Halong Bay, lying some 3 hours drive west of Hanoi, is famed for its dramatic landscape of massive limestone rock formations and karsts jutting out from the sea. Because of their precipitous nature, most of the islands are uninhabited and unaffected by a human presence, the largest of which, named Cat Ba island, being the main exception.
Although World Heritage protected, the bay has suffered from over fishing and large scale tourism this past decade, making it just that bit harder to find a place of solitude to enjoy the spectacular scenery. Regular day trippers drive in from Hanoi to spend a day on a reconverted junk boat only to return mid afternoon, missing the very best times to be out on the water – twighlight and at dawn. A number of boat operators have been running overnight sailings for those that want to experience the bay at its very best and least crowded. For the photographer this is the only way to see the majesty of Halong Bay.
My first photographic foray to Halong Bay was in 1995 and, even though I returned literally dozens of times in the years afterwards, I never really captured the beauty of the place on camera. Many of my trips took place during the winter period when the bay is almost covered in a damp, perpetual mist. Moving forward to 2011 I decided that now was the time to give it serious coverage.
Rather than be restricted to the movements of a boat shared by other passengers I chartered a private two cabin boat to have a free reign of where I wanted to go and where the light best presented itself. Although still encompassing the Halong Bay region, I set out to head to Bai Tu Long Bay, almost in the opposite direction of many of the other boats so that I could work without the threat of large numbers of tourist boats blocking the scene.
Landscape photography itself is not my particular forte, hence I decided to bring a model with me to add a human and fashion element to the shoot and also to diversify the range of images I could take. This proved to be a blessing as the heavy winds that carried through the trip meant that the vessel I was on could not raise its red sails, depriving me of a planned photographic scene, although I finally got around that dilemma to a degree as you see in a number of these images here.
The winds meant I was in for some logistical challenges but, in hindsight, provided me with a visual element of drama and motion that I wouldn’t have been able to capture otherwise.

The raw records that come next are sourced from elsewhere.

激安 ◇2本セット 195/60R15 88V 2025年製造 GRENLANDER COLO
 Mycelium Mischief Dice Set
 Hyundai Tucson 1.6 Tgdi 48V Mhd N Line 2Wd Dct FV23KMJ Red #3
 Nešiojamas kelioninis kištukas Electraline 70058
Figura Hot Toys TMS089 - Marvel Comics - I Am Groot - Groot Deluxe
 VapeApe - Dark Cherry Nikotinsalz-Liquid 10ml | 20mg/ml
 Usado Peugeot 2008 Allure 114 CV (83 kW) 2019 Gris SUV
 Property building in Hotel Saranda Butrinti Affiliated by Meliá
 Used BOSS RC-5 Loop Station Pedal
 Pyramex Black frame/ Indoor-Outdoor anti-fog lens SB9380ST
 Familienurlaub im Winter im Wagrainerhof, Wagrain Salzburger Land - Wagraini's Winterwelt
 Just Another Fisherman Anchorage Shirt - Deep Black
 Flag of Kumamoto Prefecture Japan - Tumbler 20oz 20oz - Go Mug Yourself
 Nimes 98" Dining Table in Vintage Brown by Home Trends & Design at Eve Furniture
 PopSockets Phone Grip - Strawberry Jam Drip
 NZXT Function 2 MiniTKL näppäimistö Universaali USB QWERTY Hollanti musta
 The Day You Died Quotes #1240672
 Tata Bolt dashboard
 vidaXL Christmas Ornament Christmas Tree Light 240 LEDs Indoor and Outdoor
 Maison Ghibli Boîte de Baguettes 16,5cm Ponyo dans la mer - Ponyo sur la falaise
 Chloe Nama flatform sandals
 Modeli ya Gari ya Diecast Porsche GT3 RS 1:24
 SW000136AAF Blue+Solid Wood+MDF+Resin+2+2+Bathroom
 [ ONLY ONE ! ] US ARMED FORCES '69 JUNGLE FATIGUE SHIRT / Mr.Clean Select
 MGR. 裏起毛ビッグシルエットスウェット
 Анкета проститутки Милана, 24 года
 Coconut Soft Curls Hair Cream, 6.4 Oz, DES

In certain, safe anchorage points in the bay there are oyster pearl farms and floating fishing village communities – the main form of transport between their homes and the larger boats being the ever-present sampan. With the beams of a striking morning light reigning down on us I photographed the model, in her traditional dress, rowing the boat through the azure waters of the bay. The backlit scene of the karst formations against her white and black dress made for a striking set up to photograph and resulted in the most pleasing shots of the trip.
In all, I felt I covered a hybrid selection of fashion, heritage and landscape in this shoot of Halong Bay so the end result was one of great satisfaction.
For the camera gear aficionados, it is worth mentioning here that I shot mostly with the new Nikon 24mm fixed lens wide open at f/1.4. I did this primarily to soften the scene and tone up the beautiful bokeh rather than shoot point sharp with the entire scene in focus. I was amazed at the result of this exquisite lens and certainly wouldn’t have had the same degree of success without it.